In the statement, Jo-Ellen Darcy said that the decision was based on the need to explore alternative routes for the completion of the four-state, $3.8 billion Dakota Access Pipeline project.
“Although we have had continuing discussion and exchanges of new information with the Standing Rock Sioux and Dakota Access, it’s clear that there’s more work to do,” Darcy said. “The best way to complete that work responsibly and expeditiously is to explore alternate routes for the pipeline crossing.”
The project is almost completed with the exception of the segment that would have gone underneath Lake Oahe, a Missouri River reservoir. Dallas-based Energy Transfer Partners has said all along that they would not consider an alternative route for the pipeline.
Neither the company nor the Morton County Sheriff’s Department, which has been responsible for most of the policing, had any comment on Sunday’s announcement. The Associated Press tried to get a comment from Standing Rock Sioux tribal chairman Dave Archambault II but didn’t get an immediate response.

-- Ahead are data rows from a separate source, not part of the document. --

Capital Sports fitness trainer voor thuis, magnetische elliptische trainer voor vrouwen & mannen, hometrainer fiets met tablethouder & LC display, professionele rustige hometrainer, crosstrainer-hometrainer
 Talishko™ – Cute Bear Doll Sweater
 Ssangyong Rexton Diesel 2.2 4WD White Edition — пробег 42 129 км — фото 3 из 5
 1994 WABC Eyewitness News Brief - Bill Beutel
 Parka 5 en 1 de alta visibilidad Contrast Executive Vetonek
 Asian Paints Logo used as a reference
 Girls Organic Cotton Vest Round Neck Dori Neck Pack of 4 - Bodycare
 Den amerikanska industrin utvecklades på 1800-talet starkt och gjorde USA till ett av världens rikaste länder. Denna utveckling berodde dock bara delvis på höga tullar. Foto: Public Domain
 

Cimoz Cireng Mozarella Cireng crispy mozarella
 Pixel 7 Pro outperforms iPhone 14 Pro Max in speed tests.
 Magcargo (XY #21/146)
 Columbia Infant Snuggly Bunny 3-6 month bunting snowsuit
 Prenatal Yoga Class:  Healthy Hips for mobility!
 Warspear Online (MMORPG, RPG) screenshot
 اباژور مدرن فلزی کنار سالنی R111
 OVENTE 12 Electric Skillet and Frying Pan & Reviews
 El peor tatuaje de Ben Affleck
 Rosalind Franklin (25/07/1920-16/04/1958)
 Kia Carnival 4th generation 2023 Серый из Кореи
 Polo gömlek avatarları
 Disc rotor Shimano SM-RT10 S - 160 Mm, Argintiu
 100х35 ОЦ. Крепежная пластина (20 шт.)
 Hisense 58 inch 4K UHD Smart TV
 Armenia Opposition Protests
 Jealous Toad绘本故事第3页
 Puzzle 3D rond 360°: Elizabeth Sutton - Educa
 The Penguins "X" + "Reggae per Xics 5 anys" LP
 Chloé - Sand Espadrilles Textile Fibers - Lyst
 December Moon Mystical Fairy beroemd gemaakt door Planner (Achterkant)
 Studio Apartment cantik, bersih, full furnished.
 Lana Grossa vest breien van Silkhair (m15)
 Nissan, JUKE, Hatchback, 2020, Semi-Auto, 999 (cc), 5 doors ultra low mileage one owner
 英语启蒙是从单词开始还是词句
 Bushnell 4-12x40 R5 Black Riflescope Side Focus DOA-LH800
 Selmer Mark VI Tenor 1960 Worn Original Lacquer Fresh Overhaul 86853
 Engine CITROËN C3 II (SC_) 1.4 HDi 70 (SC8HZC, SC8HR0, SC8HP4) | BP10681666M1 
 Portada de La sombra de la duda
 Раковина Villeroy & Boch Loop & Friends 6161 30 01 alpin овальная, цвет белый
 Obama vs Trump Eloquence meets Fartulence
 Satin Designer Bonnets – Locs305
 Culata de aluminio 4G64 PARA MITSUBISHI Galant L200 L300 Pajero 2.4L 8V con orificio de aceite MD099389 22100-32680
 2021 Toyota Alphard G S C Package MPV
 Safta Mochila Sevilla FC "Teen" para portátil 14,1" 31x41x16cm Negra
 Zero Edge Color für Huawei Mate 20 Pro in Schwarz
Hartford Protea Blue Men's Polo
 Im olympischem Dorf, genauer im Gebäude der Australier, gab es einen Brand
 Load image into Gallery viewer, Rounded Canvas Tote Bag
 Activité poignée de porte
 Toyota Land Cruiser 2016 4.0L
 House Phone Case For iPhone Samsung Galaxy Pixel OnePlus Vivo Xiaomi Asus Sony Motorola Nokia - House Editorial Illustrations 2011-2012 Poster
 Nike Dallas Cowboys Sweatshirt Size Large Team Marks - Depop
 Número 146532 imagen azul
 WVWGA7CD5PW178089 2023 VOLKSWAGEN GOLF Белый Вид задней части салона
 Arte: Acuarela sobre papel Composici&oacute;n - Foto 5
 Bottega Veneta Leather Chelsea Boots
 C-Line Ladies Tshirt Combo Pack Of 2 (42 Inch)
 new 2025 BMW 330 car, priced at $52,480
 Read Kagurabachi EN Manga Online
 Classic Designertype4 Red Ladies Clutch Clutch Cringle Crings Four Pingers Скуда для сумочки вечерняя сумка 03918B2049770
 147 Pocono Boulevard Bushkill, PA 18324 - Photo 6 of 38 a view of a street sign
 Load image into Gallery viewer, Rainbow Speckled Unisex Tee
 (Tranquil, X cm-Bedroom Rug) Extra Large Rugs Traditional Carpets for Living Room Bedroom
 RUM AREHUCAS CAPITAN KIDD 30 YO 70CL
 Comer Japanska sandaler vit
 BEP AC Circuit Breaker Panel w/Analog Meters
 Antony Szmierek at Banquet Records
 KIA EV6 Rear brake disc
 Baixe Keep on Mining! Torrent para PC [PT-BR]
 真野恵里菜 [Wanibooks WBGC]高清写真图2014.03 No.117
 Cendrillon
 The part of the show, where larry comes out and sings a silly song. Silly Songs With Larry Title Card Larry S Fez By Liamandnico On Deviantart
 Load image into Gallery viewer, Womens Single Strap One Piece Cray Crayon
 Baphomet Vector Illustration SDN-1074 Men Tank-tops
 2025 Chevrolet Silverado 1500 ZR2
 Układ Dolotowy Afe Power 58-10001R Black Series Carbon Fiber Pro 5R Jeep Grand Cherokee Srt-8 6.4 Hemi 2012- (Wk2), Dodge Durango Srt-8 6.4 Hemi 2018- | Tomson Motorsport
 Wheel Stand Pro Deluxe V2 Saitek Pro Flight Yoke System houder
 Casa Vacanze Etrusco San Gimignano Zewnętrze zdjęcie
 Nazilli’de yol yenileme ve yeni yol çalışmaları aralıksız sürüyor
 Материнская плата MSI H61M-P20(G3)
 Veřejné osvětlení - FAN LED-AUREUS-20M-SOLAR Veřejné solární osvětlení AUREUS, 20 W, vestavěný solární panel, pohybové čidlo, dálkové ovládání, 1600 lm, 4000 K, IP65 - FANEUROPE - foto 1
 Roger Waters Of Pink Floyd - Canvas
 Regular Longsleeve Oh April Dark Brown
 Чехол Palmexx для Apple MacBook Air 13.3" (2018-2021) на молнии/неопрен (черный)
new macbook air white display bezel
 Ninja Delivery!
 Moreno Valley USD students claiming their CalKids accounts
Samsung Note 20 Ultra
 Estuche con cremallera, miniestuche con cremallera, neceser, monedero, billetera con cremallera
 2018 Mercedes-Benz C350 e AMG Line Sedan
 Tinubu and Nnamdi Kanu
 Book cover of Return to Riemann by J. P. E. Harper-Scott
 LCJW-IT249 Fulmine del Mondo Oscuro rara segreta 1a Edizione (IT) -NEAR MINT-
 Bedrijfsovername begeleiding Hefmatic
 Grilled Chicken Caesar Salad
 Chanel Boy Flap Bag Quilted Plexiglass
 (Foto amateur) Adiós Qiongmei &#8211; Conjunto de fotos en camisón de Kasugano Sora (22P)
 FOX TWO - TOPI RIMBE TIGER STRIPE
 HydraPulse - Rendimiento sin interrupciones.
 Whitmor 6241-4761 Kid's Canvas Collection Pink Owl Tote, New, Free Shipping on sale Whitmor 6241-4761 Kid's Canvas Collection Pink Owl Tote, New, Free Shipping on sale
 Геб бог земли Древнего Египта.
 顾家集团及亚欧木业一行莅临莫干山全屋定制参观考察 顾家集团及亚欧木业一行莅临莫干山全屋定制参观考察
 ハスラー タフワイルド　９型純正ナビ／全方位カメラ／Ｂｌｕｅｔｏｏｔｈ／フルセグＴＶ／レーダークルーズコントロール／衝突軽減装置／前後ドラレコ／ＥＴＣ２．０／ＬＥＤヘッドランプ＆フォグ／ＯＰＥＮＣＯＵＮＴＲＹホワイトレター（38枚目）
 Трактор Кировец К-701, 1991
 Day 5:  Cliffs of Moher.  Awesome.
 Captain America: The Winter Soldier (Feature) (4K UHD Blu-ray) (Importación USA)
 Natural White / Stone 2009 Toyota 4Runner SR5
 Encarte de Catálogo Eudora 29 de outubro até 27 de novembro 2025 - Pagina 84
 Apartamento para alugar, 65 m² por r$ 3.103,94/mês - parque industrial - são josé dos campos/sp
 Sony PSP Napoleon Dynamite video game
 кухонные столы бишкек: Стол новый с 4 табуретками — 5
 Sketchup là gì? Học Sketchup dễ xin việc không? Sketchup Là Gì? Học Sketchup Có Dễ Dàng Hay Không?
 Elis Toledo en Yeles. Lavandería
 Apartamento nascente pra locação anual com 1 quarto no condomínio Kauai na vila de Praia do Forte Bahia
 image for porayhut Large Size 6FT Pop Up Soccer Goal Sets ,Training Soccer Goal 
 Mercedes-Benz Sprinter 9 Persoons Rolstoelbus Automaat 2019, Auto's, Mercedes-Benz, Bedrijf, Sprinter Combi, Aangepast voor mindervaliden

But according to RT.com, Standing Rock Sioux chairman Dave Archambault II has issued a statement expressing his gratitude to the Obama administration for enabling the “historic decision” to re-reroute the pipeline.
“We wholeheartedly support the decision of the administration and commend with the utmost gratitude the courage it took on the part of President Obama, the Army Corps, the Department of Justice and the Department of the Interior to take steps to correct the course of history and to do the right thing,” he wrote
With this small victory for the Standing Rock Sioux, we must remember that the pipeline is still going to be constructed, so the fight is not over yet. All land on this planet is sacred and its care is entrusted to us. We need to also stand with the First Nation tribes and people of British Columbia, Canada in their fight against the Kinder Morgan Pipeline.